- Work item
In your reply, print every line of the listing exactly and omit all images.

- Source records
....

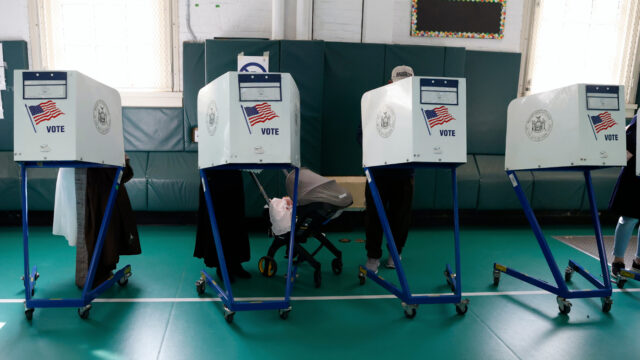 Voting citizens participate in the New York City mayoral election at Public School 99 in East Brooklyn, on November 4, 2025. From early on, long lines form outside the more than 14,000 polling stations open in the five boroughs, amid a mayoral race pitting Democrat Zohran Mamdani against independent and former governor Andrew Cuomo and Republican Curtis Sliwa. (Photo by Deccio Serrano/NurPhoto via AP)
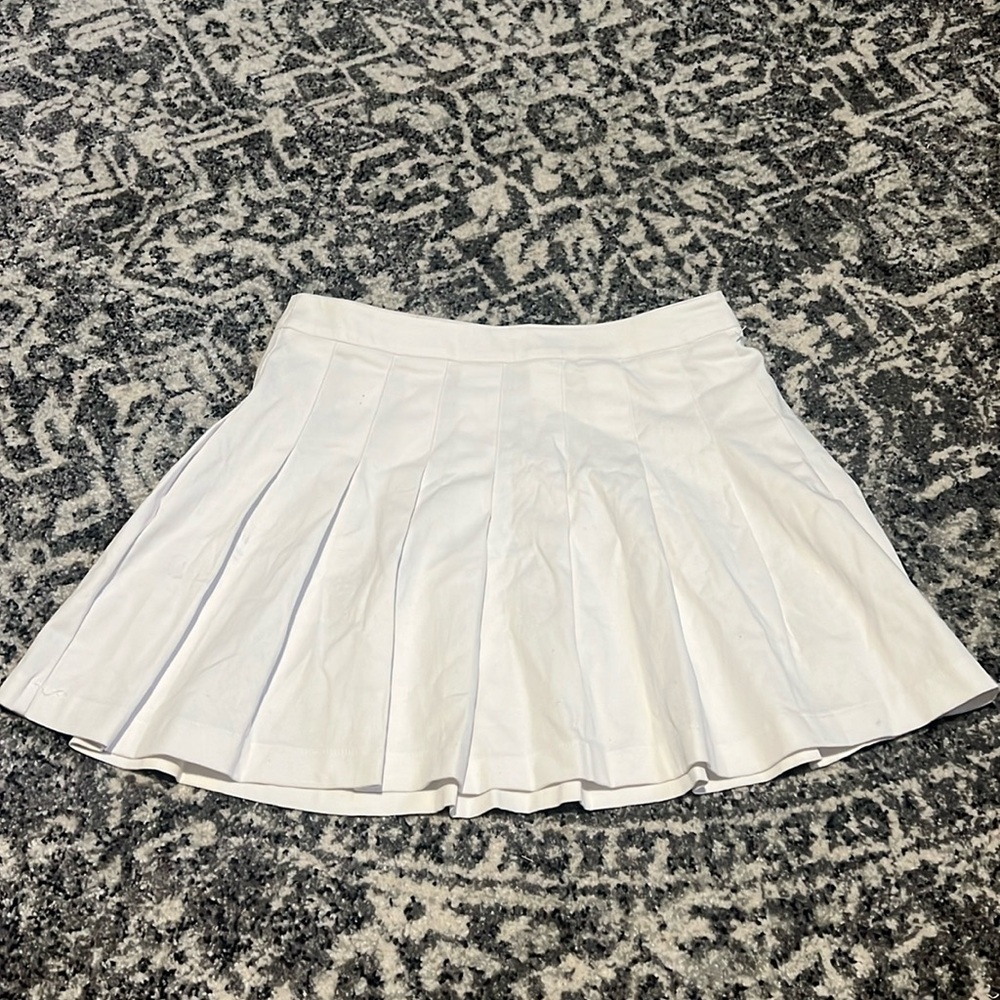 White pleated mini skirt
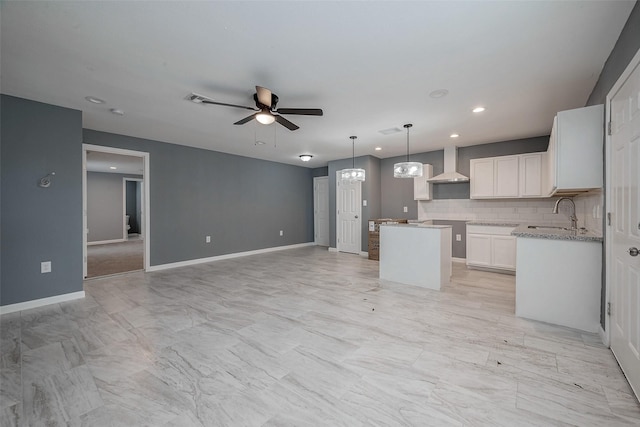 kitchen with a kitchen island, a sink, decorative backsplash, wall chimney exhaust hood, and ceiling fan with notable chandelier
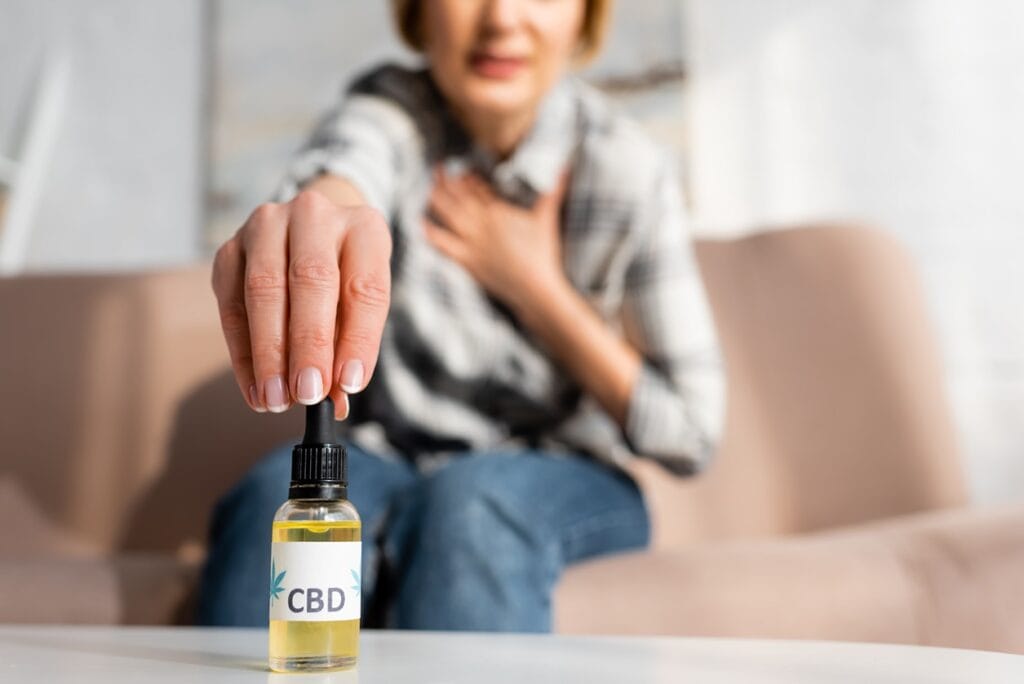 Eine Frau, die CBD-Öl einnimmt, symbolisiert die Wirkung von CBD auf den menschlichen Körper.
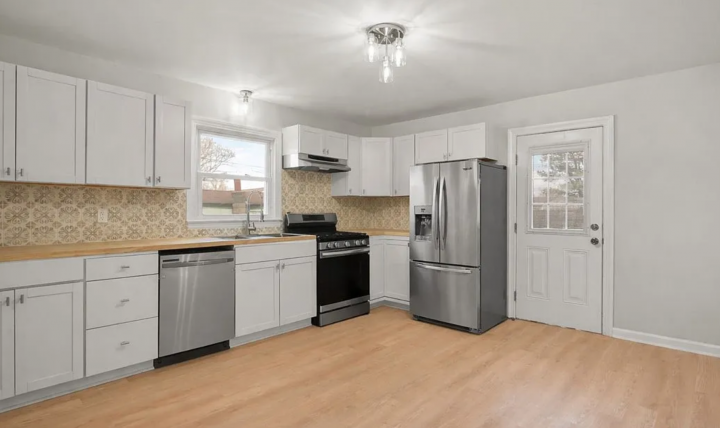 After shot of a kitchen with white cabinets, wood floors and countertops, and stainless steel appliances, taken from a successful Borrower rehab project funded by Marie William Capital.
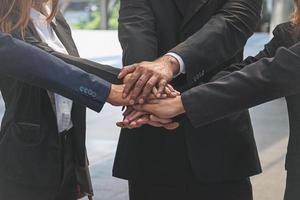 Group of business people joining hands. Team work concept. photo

....

- Solution for this exercise
 Voting citizens participate in the New York City mayoral election at Public School 99 in East Brooklyn, on November 4, 2025. From early on, long lines form outside the more than 14,000 polling stations open in the five boroughs, amid a mayoral race pitting Democrat Zohran Mamdani against independent and former governor Andrew Cuomo and Republican Curtis Sliwa. (Photo by Deccio Serrano/NurPhoto via AP)
 White pleated mini skirt
 kitchen with a kitchen island, a sink, decorative backsplash, wall chimney exhaust hood, and ceiling fan with notable chandelier
 Eine Frau, die CBD-Öl einnimmt, symbolisiert die Wirkung von CBD auf den menschlichen Körper.
 After shot of a kitchen with white cabinets, wood floors and countertops, and stainless steel appliances, taken from a successful Borrower rehab project funded by Marie William Capital.
 Group of business people joining hands. Team work concept. photo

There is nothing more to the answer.